-- YOUR INSTRUCTIONS --
What's needed is an exact copy of all the data below, without pictures.

Stored items from a collection:
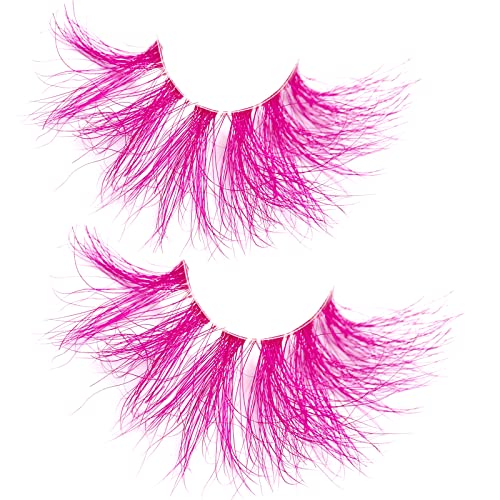 Pink 25mm 3D Mink Fake Eyelashes - Dramatic Wispy False Lashes for Halloween & Cosplay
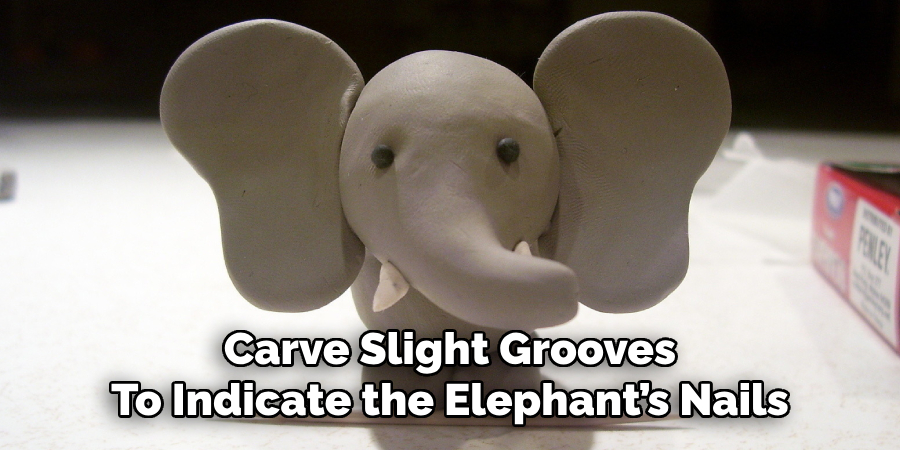 Carve Slight Grooves
To Indicate the Elephant’s Nails
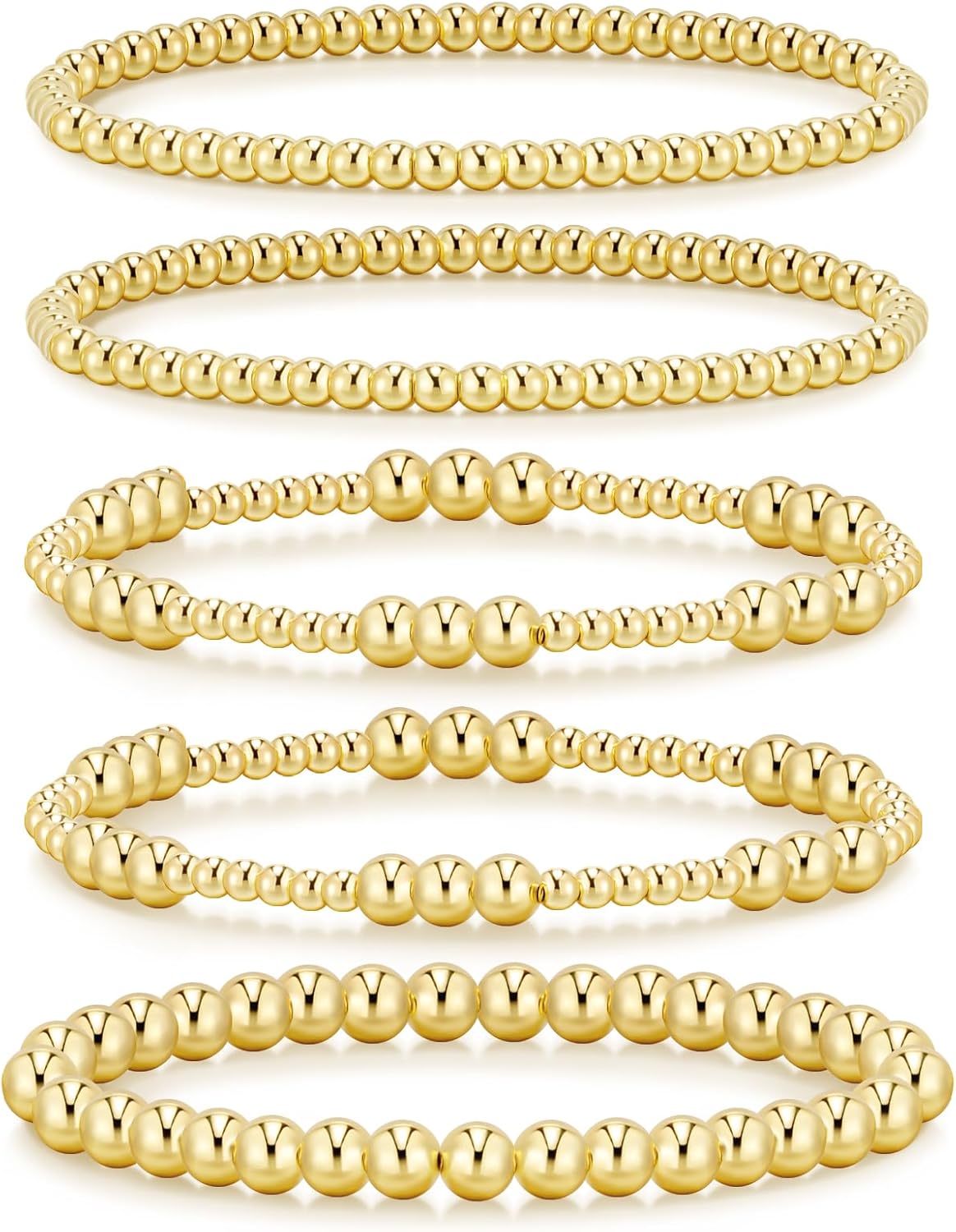 Gold Bracelets for Women - Waterproof 14K Gold Plated Beaded Strand Adjustable Jewelry Set | Perfect Gift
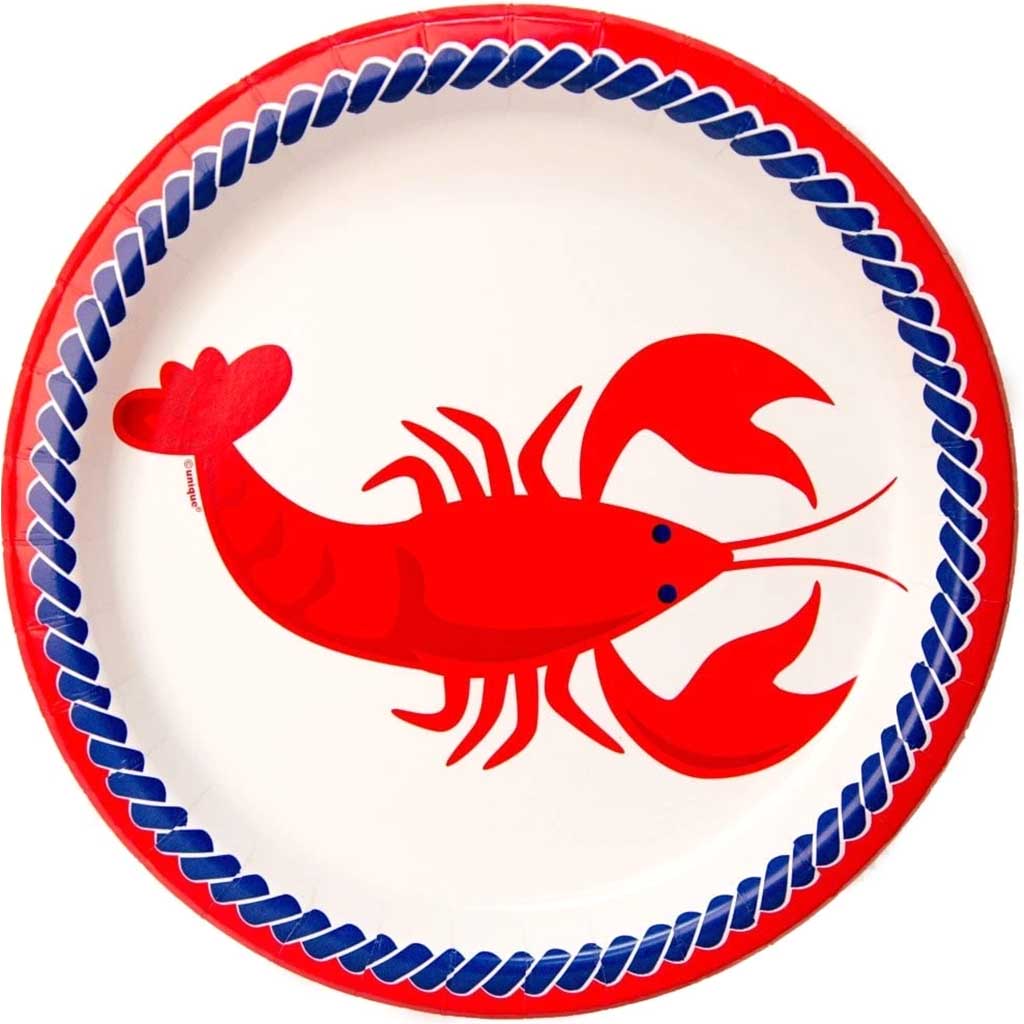 Round Dinner Plates 9in 8ct, Nautical Lobster 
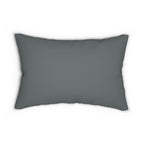Chic Grey Monogrammed Throw Pillow 14x20" with Vibrant Letters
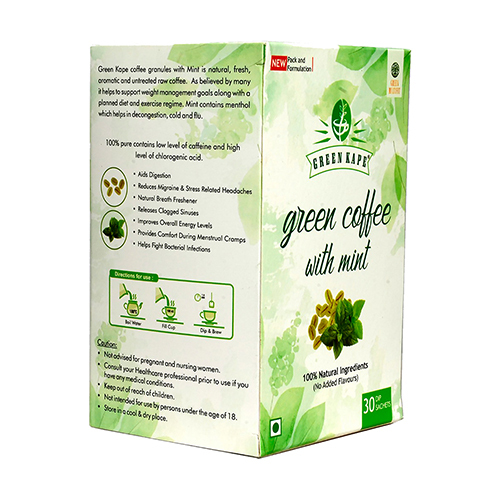 Green Coffee With Mint - Organic Arabica Blend , Finely Ground For Easy Mixing and Refreshing Mint Flavor in Convenient Dip Bags
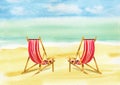 watercolor pair of sunbed on the sea coast, red and white striped deckchairs on the beach, sketch of seascape, summer Royalty Free Stock Photo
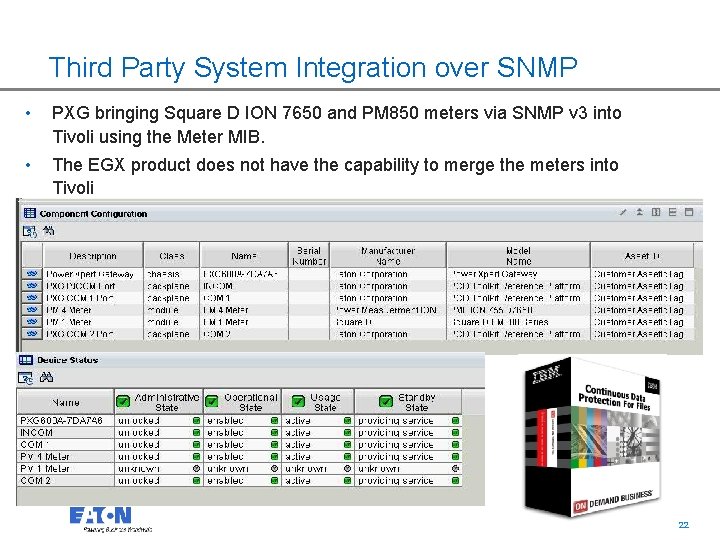 Third Party System Integration over SNMP • PXG bringing Square D ION 7650 and
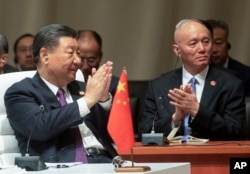China's President Xi Jinping claps during the BRICS summit , in Johannesburg, South Africa, Aug. 23, 2023.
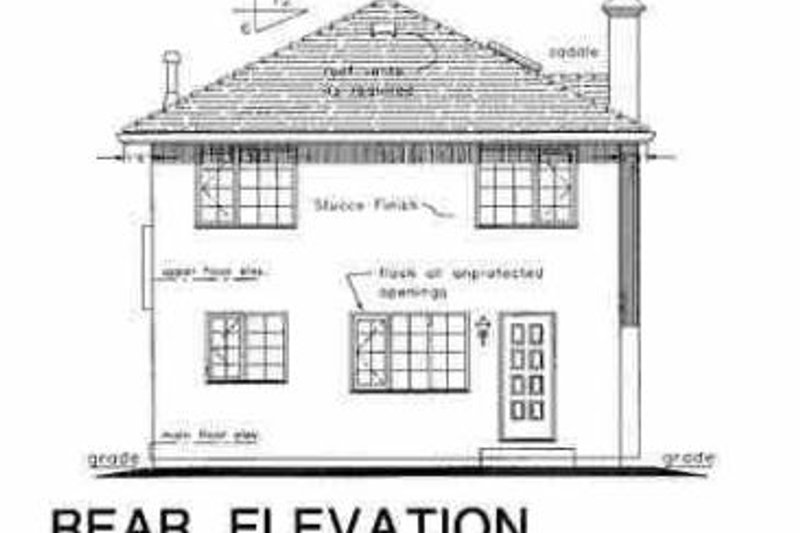 House Design - Exterior - Rear Elevation for European House Plan #18-224 - 4 bed, 2.5 bath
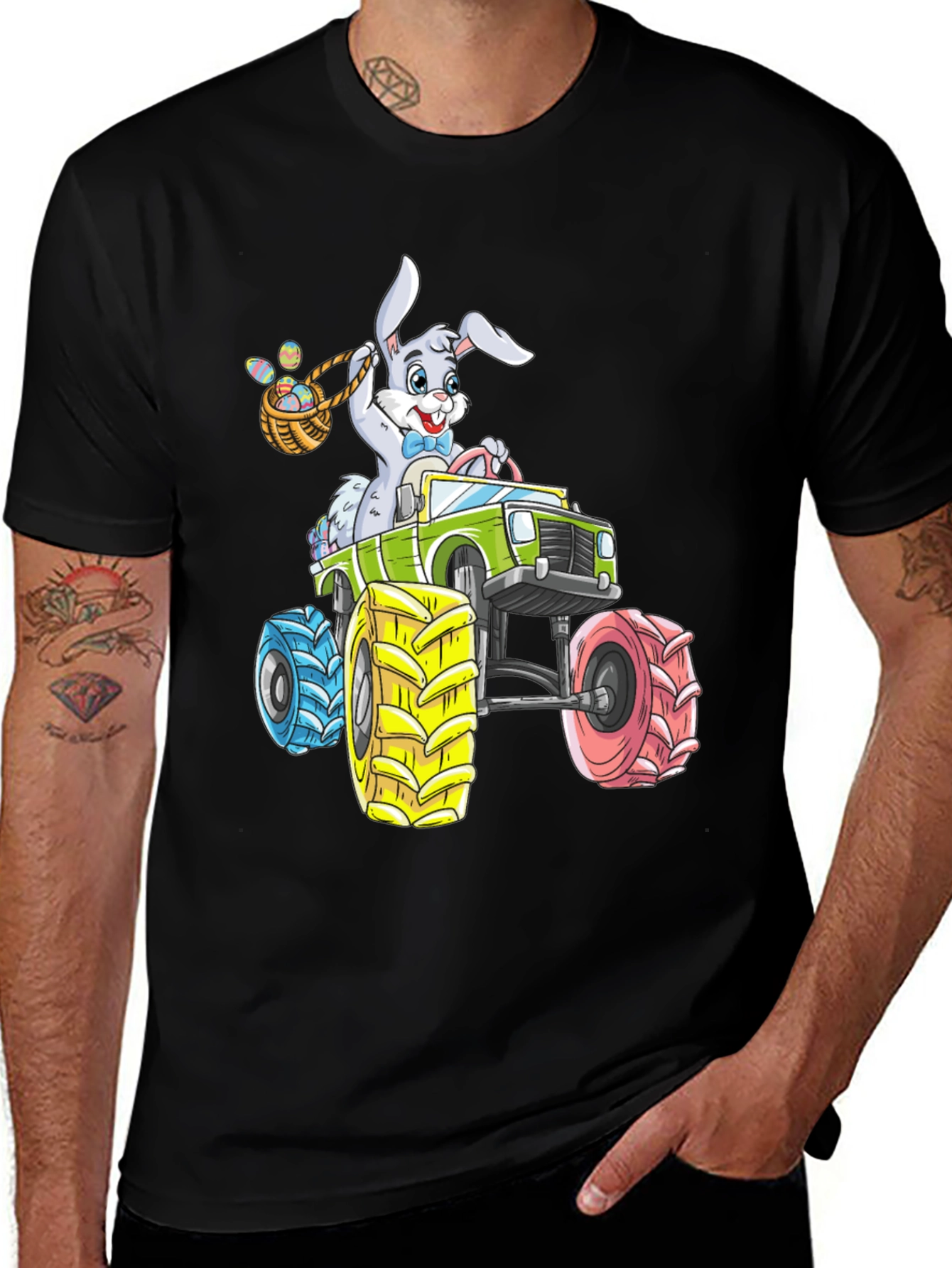 Easter Bunny Monster Truck Graphic T-Shirt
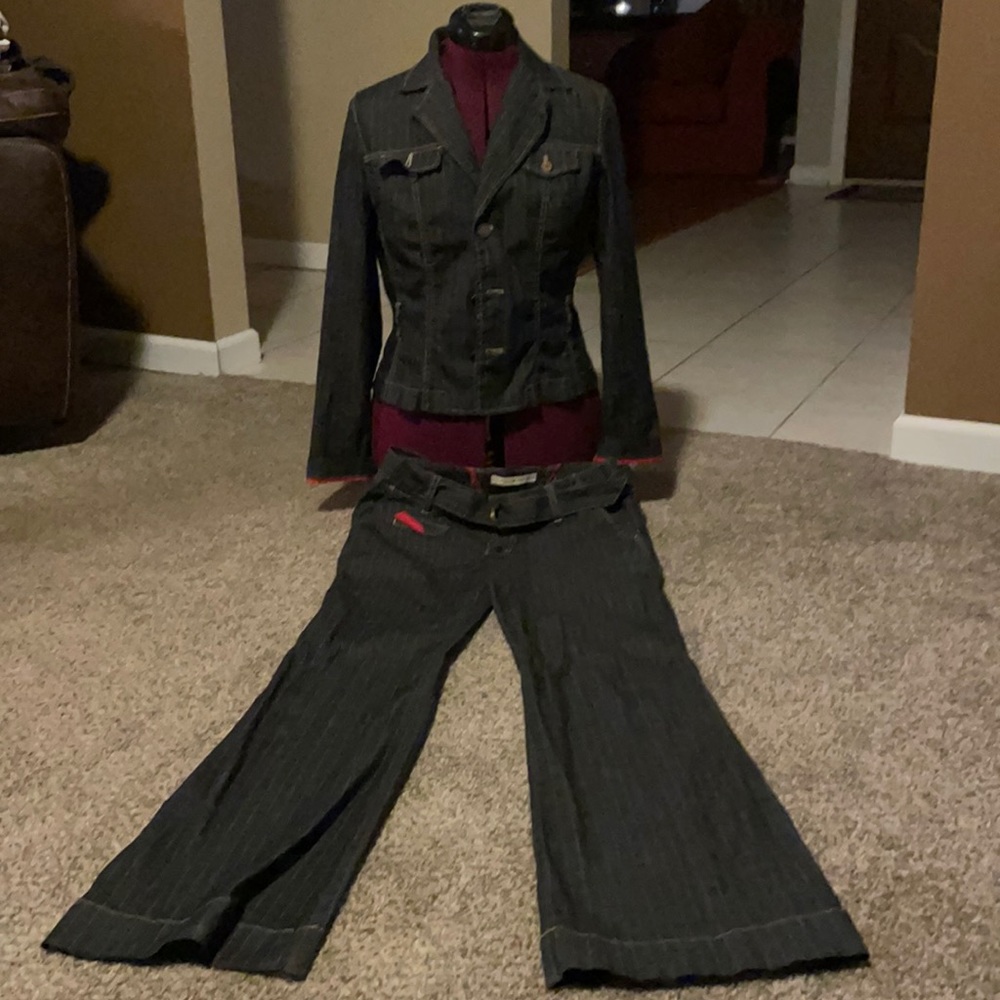 Tommy Hilfiger black pinstriped denim jacket and jean pants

-- RESPONSE AREA --
 Pink 25mm 3D Mink Fake Eyelashes - Dramatic Wispy False Lashes for Halloween & Cosplay
 Carve Slight Grooves
To Indicate the Elephant’s Nails
 Gold Bracelets for Women - Waterproof 14K Gold Plated Beaded Strand Adjustable Jewelry Set | Perfect Gift
 Round Dinner Plates 9in 8ct, Nautical Lobster 
Chic Grey Monogrammed Throw Pillow 14x20" with Vibrant Letters
 Green Coffee With Mint - Organic Arabica Blend , Finely Ground For Easy Mixing and Refreshing Mint Flavor in Convenient Dip Bags
 watercolor pair of sunbed on the sea coast, red and white striped deckchairs on the beach, sketch of seascape, summer Royalty Free Stock Photo
 Third Party System Integration over SNMP • PXG bringing Square D ION 7650 and
China's President Xi Jinping claps during the BRICS summit , in Johannesburg, South Africa, Aug. 23, 2023.
 House Design - Exterior - Rear Elevation for European House Plan #18-224 - 4 bed, 2.5 bath
 Easter Bunny Monster Truck Graphic T-Shirt
 Tommy Hilfiger black pinstriped denim jacket and jean pants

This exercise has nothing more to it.